Seringnya pemutar balikan fakta kejadian untuk menghindari jeratan hukum, maka hal itu menyudutkan seolah-olah negara telah menjadi biang keladi sebagaimana tuduhan sekelompok orang yang menuding seakan-akan negara telah berlaku zdolim terhadap ulama, dengan tuduhan melakukan kriminalisasi ulama untuk menggiring opini publik agar mendeskreditkan pemerintah dan telah merekayasa aksi fitnah untuk menjatuhkan nama baik seorang ulama. Hal ini terus didengungkan agar masyarakat mempercayai sumber pemberitaan tersebut.
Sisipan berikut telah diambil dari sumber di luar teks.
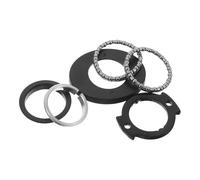 FOMIYES Kit 6 Pezzi Cuscinetti Sterzo Scooter Elettrico Forcella Anteriore Cuscinetto a Sfere del Cannotto Strumenti Riparazione Compatibili per Manutenzione e Controllo Sicuro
Negeri ini sungguh harus dijaga dari tangan-tangan mereka yang berambisi kepada kedudukan dan keserakahan dari orang-orang yang munafik untuk mengaburkan identitas bangsa dan dengan sengaja menjadikan kitab suci sebagai rivalitas ideology guna memecah belah persatuan dan kesatuan NKRI, maka sudah sepatutnya kesadaran ini dibangun dan ditanamkan ulang bagi segenap generasi muda. Tindakan hukum tidak menjadi boleh surut menyentuh mereka secara tegas, walau mereka saat ini berlindung dari sebutan kriminalisasi ulama yang sengaja diserukan.